In [1]:
from bokeh.io import output_notebook
output_notebook()

# Introduction

The purpose of this notebook is to document research and analysis done on the Common Attack Pattern Enumeration and Classification (CAPEC) for the ultimate goal of creating a corpus for PERCEIVE.  The primary sources of information used were the CAPEC 2.9 XML file and accompanying XML Schema Documentation, both available for download on the CAPEC website.  

After initial examination of the file, we found that the XML contained four root nodes: Views, Categories, Attack Patterns, and Environments.  Each of these root nodes contained subnodes, which we refer to as individual "Entries."  These Entries have identification numbers and contain numerous subnodes of their own, which we call "Fields."  These Fields contain the organized information regarding the Entry and are the main focus of our investigation.  The following link provides a visualization of the Root Nodes and the observed Fields used within the entries of those Nodes.  

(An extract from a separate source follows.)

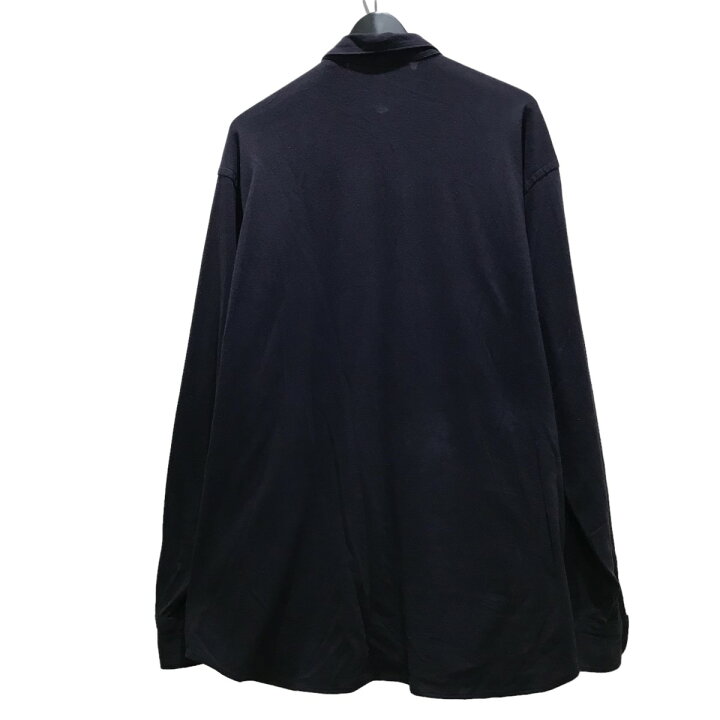 楽天市場】【中古】COMOLI 24SS コモリシャツ Z01-05015 ネイビー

https://trello-attachments.s3.amazonaws.com/57c66d3ae2c67f66f174d542/5879da1c8f216b9b485f6bf3/4c1b3e2af49e46da07c23ac901a25b65/capec_simplified_xml_schema_v2.png

Note that Environments is linked to the "Attack Execution Flow" Field used by Attack Pattern Entries.  This is because this Field uses information noted in the Environments Node.  The information in Environments does not appear to be used for anything else.  [This should be investigated further]  After further analysis of the XML file, we found that the four root nodes had a noticeable hierarchical relationship, which is visualized in diagram linked below.

https://trello-attachments.s3.amazonaws.com/57c66d3ae2c67f66f174d542/5879da1c8f216b9b485f6bf3/27f9e00556354e211f5b77bfab0cb26e/Types_of_Nodes_and_Their_Relationships_based_on_Mechanisms_and_Domains_of_Attack_Views.png

In this structure, the highest hierarchal level is Views, which is comprised of Mechanisms of Attack and Domains of Attack.  These Views separate the Category Entries into two types, based on whether they pertain to a mechanisms employed in exploiting a vulnerability or the domains through which the attacks are perpetrated.  Below Category Entries are the Attack Pattern Entries.  However, it is important to note that there are three types of Attack Pattern Entries: Meta, Standard, and Detailed.  These three terms refer to the level of abstraction in the particular Attack Pattern Entries.  Meta Attack Pattern Entries are directly below Category Entries in the hierarchy.  As the Categories are ways of sorting Attack Patterns, a given Meta Attack Pattern Entry will be a "MemberOf" two categories, one for each View.  Meta Attack Pattern Entries have Child nodes that can be either Standard or Detailed Attack Patterns.  Standard Attack Pattern Entries may also have their own Child, which will always be a Detailed Attack Pattern.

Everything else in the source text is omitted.